[Caption-style text data]
-------------------------
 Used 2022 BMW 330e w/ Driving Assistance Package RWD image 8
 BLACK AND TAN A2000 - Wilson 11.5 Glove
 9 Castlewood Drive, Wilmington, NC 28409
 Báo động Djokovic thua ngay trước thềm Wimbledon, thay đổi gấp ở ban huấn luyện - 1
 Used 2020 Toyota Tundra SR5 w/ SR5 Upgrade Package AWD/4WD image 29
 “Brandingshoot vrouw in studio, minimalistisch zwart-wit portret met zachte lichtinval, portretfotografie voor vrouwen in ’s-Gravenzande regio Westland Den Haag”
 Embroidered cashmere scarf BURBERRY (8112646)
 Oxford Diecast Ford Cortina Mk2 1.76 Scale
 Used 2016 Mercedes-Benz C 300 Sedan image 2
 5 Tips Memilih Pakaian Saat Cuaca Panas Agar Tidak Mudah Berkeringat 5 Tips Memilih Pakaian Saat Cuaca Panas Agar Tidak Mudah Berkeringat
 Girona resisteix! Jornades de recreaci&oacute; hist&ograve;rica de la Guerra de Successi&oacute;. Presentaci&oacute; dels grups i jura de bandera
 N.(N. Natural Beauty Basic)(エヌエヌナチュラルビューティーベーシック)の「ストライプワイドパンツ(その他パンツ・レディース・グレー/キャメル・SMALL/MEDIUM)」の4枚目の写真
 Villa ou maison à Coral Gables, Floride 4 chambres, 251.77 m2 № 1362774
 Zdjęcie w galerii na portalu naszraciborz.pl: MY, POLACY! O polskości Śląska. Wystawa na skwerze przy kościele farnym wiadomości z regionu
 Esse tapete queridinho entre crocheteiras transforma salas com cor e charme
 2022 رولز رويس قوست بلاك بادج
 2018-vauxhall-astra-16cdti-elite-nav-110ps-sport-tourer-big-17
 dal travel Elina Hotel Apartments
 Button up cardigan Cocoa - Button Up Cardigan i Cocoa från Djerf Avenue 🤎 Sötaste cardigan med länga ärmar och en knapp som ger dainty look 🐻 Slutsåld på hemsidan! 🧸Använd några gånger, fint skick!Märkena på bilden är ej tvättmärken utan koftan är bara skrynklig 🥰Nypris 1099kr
-------------------------
Aim of the task - Starting at the line that contains "Villa ou maison", write out every line to the end of the entries, exactly as given.

Finished task -
 Villa ou maison à Coral Gables, Floride 4 chambres, 251.77 m2 № 1362774
 Zdjęcie w galerii na portalu naszraciborz.pl: MY, POLACY! O polskości Śląska. Wystawa na skwerze przy kościele farnym wiadomości z regionu
 Esse tapete queridinho entre crocheteiras transforma salas com cor e charme
 2022 رولز رويس قوست بلاك بادج
 2018-vauxhall-astra-16cdti-elite-nav-110ps-sport-tourer-big-17
 dal travel Elina Hotel Apartments
 Button up cardigan Cocoa - Button Up Cardigan i Cocoa från Djerf Avenue 🤎 Sötaste cardigan med länga ärmar och en knapp som ger dainty look 🐻 Slutsåld på hemsidan! 🧸Använd några gånger, fint skick!Märkena på bilden är ej tvättmärken utan koftan är bara skrynklig 🥰Nypris 1099kr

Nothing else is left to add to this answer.